Aunque revestidos con espejos y luminarias, me parecen más pequeños, menos
cómodos que antes, hace 33 años, cuando los usé con frecuencia.
La Corresponsalía ha estado durante décadas en el piso 11 (el último) de un noble inmueble cercano al Palacio de La Moneda y de la Alameda Bernardo O´Higgins, en la esquina de Ahumada y Unión Central, hoy Pasaje Bombero Ossa.
Los ascensores seguro fueron renovados o reparados más de una vez. Por lo menos sus puertas cambiaron de color plateado a amarillo claro.
La última vez que los monté fue en septiembre de 1973, cuando -junto a otros colegas- debí abandonar Chile. Y son lo primero que veo ahora, al volver a la Corresponsalía.
Hasta los años 70, PLChile se llamó Prelagoch, gracias a la caprichosa fusión de las últimas letras de Santiago con las primeras de Chile, y así la identificábamos sus corresponsales y trabajadores.
Pero, ya lo dije, el ruido de los motores es el cambio más notable. Le falta ese tono de alarma. Durante el golpe militar, con su prolongado toque de queda, los elevadores no cesaron de subir y bajar, de bajar y subir.
Lo sé porque los motores están ubicados sobre el techo de Prelagoch, en la azotea, y el zumbido nos asustaba cada vez que alguien se mudaba -de apuro, como podía- de un piso a otro, de un apartamento a otro, buscando alguna protección.
Nuestra oficina había sido allanada al mediodía del 11 de septiembre pero -después de varias horas- los militares recibieron órdenes de retirarse, aunque esperábamos su inminente retorno, esta vez con mayor violencia.
Nuevamente, serían los motores de los elevadores los que anunciarían ese retorno, como lo hacían las ambulancias y los patrulleros en la Alameda.
No sé cómo subieron ese día los 21 sudorosos soldados con anaranjadas camisetas pinochetistas, pero me consta que, cuando se retiraron, lo hicieron corriendo por la escalera.

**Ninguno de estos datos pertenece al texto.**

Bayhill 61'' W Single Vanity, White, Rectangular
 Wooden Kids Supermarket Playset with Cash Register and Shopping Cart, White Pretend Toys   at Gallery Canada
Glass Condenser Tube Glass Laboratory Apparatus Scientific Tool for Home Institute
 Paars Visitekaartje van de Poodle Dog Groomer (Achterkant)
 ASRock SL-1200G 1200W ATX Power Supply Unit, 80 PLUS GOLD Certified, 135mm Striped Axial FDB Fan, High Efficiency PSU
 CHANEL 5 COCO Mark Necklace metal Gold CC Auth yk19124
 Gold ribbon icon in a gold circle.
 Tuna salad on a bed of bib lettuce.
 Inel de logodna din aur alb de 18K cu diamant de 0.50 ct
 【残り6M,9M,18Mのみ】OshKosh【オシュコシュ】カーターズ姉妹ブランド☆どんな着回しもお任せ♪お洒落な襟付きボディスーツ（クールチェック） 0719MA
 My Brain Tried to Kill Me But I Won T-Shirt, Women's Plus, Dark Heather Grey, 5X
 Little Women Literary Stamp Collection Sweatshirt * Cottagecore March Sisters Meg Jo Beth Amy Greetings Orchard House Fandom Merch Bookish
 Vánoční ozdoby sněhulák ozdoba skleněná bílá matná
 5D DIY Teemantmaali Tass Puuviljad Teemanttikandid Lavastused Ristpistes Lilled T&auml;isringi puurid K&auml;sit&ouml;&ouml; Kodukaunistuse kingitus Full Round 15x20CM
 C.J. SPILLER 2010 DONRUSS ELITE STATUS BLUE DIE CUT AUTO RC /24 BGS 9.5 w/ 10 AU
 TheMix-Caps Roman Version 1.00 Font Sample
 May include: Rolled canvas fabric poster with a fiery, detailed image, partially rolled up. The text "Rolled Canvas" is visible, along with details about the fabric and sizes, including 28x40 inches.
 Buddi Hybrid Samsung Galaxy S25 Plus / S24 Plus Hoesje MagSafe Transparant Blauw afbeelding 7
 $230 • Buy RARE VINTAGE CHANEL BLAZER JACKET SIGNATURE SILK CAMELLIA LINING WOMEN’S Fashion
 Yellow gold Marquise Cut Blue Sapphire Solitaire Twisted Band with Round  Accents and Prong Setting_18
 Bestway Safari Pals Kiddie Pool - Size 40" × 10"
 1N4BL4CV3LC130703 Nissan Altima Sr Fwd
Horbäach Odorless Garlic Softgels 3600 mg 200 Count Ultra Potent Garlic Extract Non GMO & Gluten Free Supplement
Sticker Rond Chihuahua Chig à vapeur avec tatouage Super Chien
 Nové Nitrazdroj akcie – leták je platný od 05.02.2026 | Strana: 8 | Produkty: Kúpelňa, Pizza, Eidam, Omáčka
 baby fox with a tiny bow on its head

Desde entonces, esperamos su retorno. La madrugada del 11 al 12, me tocó la primera guardia junto a mi amigo Omar, un joven periodista chileno que habla rapidísimo y que, una y otra vez, repetía algo así como «me los pone de corbata».
Lo decía cada vez que se movían los elevadores en el silencio de esa noche eterna y yo no le entendía, hasta que me explicó, con calma, que se refería a los «huevos», expresión muy popular aquí para manifestar el miedo.
Y no era para menos. Otros colegas de Prelagoch -Timossi, el Corresponsal-Jefe, Mainadé, Lobaina, Contreras- también brincaban con el zumbido del sube y baja, aunque se suponía que estuvieran durmiendo para relevarnos más tarde.
Bueno, pasaron 33 años y, en ese tiempo, he montado miles de elevadores en distintas ciudades del mundo. Y los de este viejo edificio también mejoraron.
Lo digo porque el ruido -cuyo volumen asciende gradualmente desde el lobby hasta el piso 11- es diferente, casi inaudible.
Quizás llegue algún día a acostumbrarme sin recordar los viejos motores, aunque, de todas maneras, podría ser un buen ejercicio, cada tanto, coger por la escalera.
Jorge Luna *El autor es corresponsal de Prensa Latina en Chile.